No ale powoli. Od początku. Co mogłoby stanowić o potencjalnym sukcesie "The Village"? Więc po pierwsze, może klimat epoki? Ale takowego się wyczuć nie dało. Dialogi brzmiały sztucznością a aktorom chyba z trudem przychodziło się wczucie w nie. Nawet polskie tłumaczenie dobrej z reguły pani Gałązki-Salamon tym razem nie dało rady toporności oryginału. Scenografia była w porządku, ale sama scenografia nie wystarcza. Dwie czy trzy osoby poradziły sobie z wyzwaniem grania "udawanego XIX wieku". A tak właściwie - w jaki logiczny sposób (poza zaskakującym zakończeniem, oczywiście) można uzasadnić używanie archaicznego języka przez bohaterów? Przecież starszyzna znała swoje korzenie i tak, młodzi zaś nie wiedzieli jak brzmi język XXw. więc nie połapaliby się, że używają niewłaściwego. Nie przekonało mnie to zagranie.

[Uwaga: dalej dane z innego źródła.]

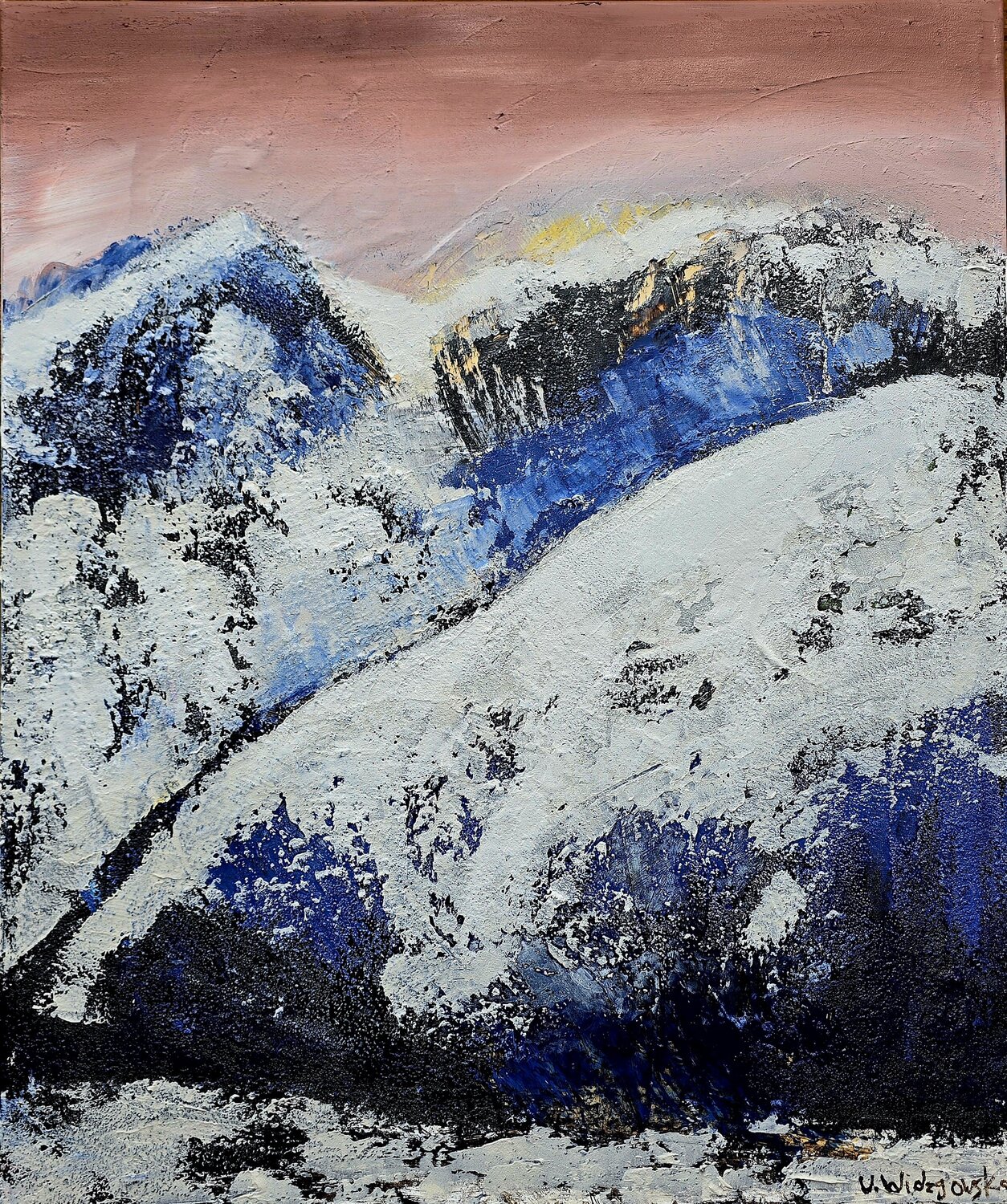 Asphaltgeflüster: Berge im Licht Urszula Widzgowska Original painting for sale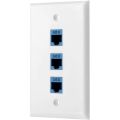 1Pack 3-Port Ethernet Wall Plate, RJ45 Wall Plate with RJ45 Keystone. 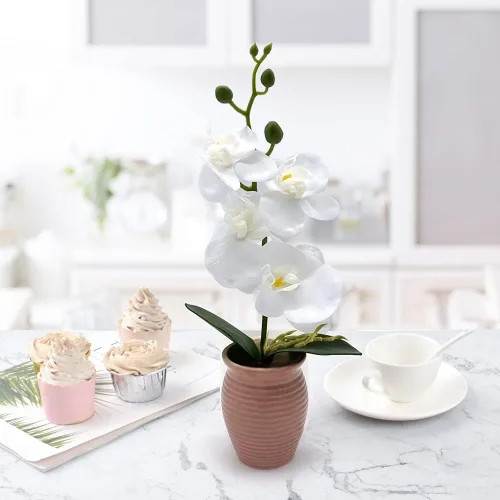 Miniatura 6 de Flores artificiales de Phalaenopsis, 4 unidades, orquídeas de seda falsas de 15 pulgadas con hojas de tallo para decoración del hogar, oficina, Rosa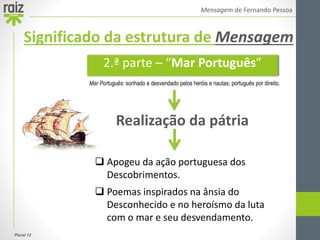 Plural 12
Mensagem de Fernando Pessoa
Realização da pátria
 Apogeu da ação portuguesa dos
Descobrimentos.
 Poemas inspirados na ânsia do
Desconhecido e no heroísmo da luta
com o mar e seu desvendamento.
2.ª parte – “Mar Português”
Significado da estrutura de Mensagem
Mar Português: sonhado e desvendado pelos heróis e nautas; português por direito.
 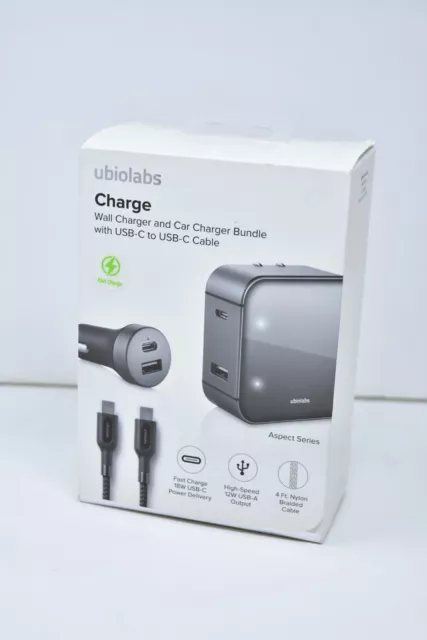 Ubiolabs Fast Charge USB-C Bundle for iPhone Wall and Car Charger.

Może więc groza? Ale momentów grozy było niewiele a i niektóre (nieskutecznie) próbowano zbudować coraz to tańszymi zagrywkami. Przykładem Lucius umykający tuż przed łapą stwora w progu domu. Jako-taki klimat niepokoju tworzył się tylko do chwili, gdy tatuś pokazał córce strój. Pościg Noah za Ivy nie budził już najmniejszych wrażeń. W porównaniu do emocji na "The Sixth Sense" czy choćby nawet "The Signs", "The Village" wypada kompletnie nijak.
Może więc zaskakujący pomysł? Który? Na oba wpadłem z półgodzinnym bodaj wyprzedzeniem, znając pomysły i zagrywki Shyalamana aż za dobrze. Chwila, gdy Ivy dotknęła kostiumu albo spotkała zastępcę szeryfa nie wywołały nawet uniesienia brwi. Napis "nie zdradzajcie znajomym zakończenia..." jest naprawdę cudnym przykładem przesadnej wiary w siebie.
Pozostaje więc opcja inteligentnego przekazu filmu, tak zwanego przesłania, czy też może drugiego dna. Historia o tym, co można poświęcić w imię wolności i o tym, czy istnieją społeczeństwa idealne, wolne od błędów poprzedników. Z tym, że ten temat był wałkowany już wiele razy a Shyalaman nie dodał do niego nic nowego od siebie. Koncepcja wioski w rezerwacie służyła chyba bardziej elementowi zaskoczenia niż zadumy, bo i niespecjalnie ją po ujawnieniu rozwinięto. Tytułów innych filmów o utopiach (tych małych i na pełną skalę) nie pamiętam w tej chwili wszystkich, ale mogę na życzenie zrobić krótką listę ;)
Dwie rzeczy ten film ratują. Pierwsza to naprawdę interesujące, budujące całość nastroju i niepewności zdjęcia. Drugie to aktorstwo Adriena Brody i Bryce Dallas Howard. Te trzy drobiazgi pozwoliły mi spędzić czas w kinie w miarę komfortowo. Reszta nie wybija się ponad przeciętność.